Gözlemsel tahlillerde, haftada 40 içki ve üzeri tüketenlerle alkol bağımlılarında riskin yüzde 41 ila 51 oranında arttığı görüldü. Lakin genetik prosedürlerle yapılan tahlillerde “U biçiminde esirgeyici etki” bulunmadı; tersine, içilen her ekstra içkiyle riskin doğrusal olarak yükseldiği belirlendi.
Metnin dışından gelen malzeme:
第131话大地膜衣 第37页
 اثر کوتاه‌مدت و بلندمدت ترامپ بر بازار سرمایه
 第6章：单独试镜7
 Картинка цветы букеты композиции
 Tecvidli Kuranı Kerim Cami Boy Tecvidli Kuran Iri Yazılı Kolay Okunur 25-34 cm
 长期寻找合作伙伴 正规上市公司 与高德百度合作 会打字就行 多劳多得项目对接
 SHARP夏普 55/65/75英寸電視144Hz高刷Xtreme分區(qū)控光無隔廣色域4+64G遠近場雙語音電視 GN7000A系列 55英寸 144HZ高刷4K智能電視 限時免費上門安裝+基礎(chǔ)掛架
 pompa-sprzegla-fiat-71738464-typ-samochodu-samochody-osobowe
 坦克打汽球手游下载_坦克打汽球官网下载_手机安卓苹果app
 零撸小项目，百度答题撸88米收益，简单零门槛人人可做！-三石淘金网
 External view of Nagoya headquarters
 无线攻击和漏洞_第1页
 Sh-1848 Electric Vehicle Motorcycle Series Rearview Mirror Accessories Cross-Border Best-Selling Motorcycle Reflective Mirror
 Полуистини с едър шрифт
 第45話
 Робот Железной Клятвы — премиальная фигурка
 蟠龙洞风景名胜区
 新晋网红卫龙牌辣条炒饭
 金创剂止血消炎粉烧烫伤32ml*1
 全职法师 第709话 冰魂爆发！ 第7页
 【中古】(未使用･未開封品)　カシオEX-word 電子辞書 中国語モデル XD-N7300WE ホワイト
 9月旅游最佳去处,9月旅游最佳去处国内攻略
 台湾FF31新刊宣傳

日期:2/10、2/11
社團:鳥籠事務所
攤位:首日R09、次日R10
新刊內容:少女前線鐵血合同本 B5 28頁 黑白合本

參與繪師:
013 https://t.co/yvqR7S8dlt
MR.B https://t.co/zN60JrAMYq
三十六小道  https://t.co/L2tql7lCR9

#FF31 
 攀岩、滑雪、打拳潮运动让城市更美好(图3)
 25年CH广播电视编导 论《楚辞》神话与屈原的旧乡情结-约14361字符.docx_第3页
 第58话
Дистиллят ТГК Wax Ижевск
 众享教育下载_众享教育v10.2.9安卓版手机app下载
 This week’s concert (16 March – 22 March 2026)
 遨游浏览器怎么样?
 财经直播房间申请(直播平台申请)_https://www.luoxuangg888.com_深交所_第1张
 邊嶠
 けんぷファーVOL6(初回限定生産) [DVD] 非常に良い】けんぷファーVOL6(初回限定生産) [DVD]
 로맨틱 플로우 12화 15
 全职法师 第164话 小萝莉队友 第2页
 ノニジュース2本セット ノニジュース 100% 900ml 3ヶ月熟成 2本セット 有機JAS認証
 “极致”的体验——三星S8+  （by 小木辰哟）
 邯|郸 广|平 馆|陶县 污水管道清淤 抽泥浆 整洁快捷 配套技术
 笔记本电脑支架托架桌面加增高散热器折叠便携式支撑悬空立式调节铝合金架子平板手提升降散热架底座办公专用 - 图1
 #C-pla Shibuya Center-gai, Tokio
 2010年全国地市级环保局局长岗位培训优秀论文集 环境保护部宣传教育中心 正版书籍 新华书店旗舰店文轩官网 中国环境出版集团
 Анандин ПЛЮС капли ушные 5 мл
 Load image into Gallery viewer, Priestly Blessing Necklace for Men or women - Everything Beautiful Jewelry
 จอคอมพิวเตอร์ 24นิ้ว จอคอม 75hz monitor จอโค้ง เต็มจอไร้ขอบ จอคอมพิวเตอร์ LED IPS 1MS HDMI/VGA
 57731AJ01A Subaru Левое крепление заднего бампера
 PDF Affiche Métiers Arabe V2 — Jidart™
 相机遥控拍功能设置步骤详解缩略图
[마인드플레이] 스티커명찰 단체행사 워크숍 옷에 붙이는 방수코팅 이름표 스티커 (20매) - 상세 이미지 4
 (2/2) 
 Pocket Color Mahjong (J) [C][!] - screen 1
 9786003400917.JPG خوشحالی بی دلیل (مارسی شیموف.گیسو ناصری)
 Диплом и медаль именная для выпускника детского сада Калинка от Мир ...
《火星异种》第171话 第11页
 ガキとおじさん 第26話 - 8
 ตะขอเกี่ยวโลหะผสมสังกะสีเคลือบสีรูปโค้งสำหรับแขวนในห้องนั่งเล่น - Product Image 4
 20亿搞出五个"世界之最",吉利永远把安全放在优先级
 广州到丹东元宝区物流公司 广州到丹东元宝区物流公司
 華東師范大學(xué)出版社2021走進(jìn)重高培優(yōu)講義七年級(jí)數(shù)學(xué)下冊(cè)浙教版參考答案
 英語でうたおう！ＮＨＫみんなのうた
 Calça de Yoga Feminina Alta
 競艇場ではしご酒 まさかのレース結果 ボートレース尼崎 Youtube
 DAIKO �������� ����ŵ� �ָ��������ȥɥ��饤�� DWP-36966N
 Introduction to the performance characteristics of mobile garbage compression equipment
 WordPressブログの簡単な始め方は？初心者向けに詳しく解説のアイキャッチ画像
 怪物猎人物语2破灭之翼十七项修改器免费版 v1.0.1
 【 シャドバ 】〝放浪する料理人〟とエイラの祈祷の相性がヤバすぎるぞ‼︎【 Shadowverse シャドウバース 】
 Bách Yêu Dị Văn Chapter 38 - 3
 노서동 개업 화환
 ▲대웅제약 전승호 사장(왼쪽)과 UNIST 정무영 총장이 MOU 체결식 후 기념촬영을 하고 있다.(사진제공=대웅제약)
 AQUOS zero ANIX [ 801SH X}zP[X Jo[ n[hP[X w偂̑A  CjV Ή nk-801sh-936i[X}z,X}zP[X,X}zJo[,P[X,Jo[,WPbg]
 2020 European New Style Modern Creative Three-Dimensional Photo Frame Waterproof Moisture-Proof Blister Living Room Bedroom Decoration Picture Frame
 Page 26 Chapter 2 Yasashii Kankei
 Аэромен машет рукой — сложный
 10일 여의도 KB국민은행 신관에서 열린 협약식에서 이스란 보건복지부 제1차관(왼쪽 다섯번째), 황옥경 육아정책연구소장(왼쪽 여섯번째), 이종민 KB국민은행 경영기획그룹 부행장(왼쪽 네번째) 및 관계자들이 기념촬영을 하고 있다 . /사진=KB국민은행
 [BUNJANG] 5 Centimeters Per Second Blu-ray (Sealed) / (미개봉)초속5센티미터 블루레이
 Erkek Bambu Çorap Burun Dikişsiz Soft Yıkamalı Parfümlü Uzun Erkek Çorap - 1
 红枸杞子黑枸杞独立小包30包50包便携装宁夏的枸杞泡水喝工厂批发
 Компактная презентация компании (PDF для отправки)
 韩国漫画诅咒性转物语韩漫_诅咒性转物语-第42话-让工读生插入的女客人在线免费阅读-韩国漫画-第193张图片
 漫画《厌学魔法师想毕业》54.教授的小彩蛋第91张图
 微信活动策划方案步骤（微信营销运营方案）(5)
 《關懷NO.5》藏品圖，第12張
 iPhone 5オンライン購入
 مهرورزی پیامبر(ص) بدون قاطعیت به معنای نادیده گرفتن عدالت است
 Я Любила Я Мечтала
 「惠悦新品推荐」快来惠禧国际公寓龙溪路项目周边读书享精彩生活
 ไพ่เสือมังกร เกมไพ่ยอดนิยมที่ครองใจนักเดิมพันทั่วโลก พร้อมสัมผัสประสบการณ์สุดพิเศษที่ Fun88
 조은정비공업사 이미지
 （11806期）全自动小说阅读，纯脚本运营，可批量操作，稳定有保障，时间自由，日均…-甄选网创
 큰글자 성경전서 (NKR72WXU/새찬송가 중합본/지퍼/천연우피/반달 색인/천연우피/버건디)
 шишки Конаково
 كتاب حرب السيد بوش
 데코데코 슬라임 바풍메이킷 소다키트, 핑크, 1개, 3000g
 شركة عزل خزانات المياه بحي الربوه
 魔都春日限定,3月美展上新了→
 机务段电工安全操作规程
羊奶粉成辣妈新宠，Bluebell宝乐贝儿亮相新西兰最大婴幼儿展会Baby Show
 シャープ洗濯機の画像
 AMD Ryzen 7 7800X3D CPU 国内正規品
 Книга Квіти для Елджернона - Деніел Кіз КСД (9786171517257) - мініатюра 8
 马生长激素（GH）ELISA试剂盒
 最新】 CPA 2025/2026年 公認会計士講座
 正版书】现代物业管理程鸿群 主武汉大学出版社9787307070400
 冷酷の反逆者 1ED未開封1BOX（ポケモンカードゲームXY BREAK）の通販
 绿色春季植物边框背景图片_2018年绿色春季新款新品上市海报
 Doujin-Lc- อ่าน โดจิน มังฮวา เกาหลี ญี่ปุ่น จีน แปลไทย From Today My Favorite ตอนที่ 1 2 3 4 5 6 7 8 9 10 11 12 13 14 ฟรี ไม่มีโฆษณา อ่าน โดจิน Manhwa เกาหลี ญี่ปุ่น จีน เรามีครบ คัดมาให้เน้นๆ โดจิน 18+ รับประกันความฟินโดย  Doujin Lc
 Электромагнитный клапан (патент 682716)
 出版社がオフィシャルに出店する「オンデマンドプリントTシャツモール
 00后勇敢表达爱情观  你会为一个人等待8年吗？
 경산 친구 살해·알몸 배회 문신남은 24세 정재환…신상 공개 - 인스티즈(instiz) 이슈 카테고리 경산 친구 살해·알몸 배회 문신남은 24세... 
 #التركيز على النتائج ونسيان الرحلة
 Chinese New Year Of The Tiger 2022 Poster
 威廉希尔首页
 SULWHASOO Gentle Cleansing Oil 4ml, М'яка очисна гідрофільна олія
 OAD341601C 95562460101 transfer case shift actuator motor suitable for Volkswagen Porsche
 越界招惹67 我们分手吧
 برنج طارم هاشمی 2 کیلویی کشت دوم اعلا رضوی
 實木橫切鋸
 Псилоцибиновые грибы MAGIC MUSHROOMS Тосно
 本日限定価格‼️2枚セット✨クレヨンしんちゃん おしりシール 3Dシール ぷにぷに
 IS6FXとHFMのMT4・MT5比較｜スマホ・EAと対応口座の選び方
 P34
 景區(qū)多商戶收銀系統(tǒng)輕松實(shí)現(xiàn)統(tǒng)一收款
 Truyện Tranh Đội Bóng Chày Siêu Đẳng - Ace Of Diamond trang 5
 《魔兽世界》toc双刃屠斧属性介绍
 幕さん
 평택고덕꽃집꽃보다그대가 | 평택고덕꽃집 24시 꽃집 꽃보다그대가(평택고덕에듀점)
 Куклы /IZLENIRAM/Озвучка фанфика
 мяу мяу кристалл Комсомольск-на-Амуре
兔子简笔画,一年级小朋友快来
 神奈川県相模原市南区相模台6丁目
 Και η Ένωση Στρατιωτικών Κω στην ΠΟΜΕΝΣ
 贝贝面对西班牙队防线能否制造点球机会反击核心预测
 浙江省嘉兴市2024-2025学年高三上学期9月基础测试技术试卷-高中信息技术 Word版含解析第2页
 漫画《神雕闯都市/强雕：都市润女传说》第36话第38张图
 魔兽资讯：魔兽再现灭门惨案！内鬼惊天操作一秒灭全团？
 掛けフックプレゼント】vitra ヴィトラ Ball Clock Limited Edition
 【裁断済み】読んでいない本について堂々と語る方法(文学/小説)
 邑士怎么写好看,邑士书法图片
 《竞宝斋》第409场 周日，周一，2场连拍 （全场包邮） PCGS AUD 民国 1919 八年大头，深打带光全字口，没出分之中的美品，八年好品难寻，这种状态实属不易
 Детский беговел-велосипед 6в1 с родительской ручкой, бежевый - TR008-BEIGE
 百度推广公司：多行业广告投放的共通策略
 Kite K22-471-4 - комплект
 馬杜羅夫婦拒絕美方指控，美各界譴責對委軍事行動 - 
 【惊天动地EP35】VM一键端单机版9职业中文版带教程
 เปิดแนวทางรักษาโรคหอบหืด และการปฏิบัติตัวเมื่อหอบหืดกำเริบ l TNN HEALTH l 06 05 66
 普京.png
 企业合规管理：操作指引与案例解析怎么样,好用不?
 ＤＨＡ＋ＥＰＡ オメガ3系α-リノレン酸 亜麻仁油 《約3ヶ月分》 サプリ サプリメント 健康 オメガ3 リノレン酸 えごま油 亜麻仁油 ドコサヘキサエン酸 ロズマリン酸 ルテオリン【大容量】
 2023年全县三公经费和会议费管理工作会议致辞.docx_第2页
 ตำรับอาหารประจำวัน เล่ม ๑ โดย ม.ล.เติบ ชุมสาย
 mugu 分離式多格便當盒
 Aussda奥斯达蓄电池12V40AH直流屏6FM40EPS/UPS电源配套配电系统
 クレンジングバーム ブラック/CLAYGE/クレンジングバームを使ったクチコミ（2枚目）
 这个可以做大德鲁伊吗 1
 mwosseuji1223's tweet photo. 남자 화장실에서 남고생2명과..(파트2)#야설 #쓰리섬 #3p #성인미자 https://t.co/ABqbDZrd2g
GENETİK BİLGİLERLE DOĞRULANDI
Mendelian randomizasyon ismi verilen genetik sistemle yapılan incelemede, alkol tüketimine yatkınlık gösteren genetik varyantların bunama riskini artırdığı saptandı. Haftalık yalnızca 1–3 ek içki bile riski yüzde 15 yükseltirken, alkol bağımlılığına genetik yatkınlığın iki katına çıkması yüzde 16 daha yüksek riskle alakalı bulundu.
Önceki çalışmalar neden aldatıcıydı?
Bilim insanları, daha evvelki birtakım araştırmalarda alkolün esirgeyici görünmesinin, aslında demansın erken periyodunda şahısların alkol tüketimini azaltmasından kaynaklandığını belirtti. Yani, düşük alkol tüketiminin yararlı görünmesi aykırı nedensellikle açıklanıyor.
UZMANLARIN UYARISI
Araştırmacılar, bulguların düşük düzeyli alkolün dahi “güvenli” olmadığına işaret ettiğini ve alkol tüketimini azaltmanın demansın önlenmesinde kıymetli bir strateji olabileceğini vurguladı.
Sonuç olarak, yeni çalışma “ılımlı içkinin beyin için yararlı olduğu” görüşünü çürüterek, her tıp alkolün demans riskini artırdığını güçlü biçimde ortaya koyuyor.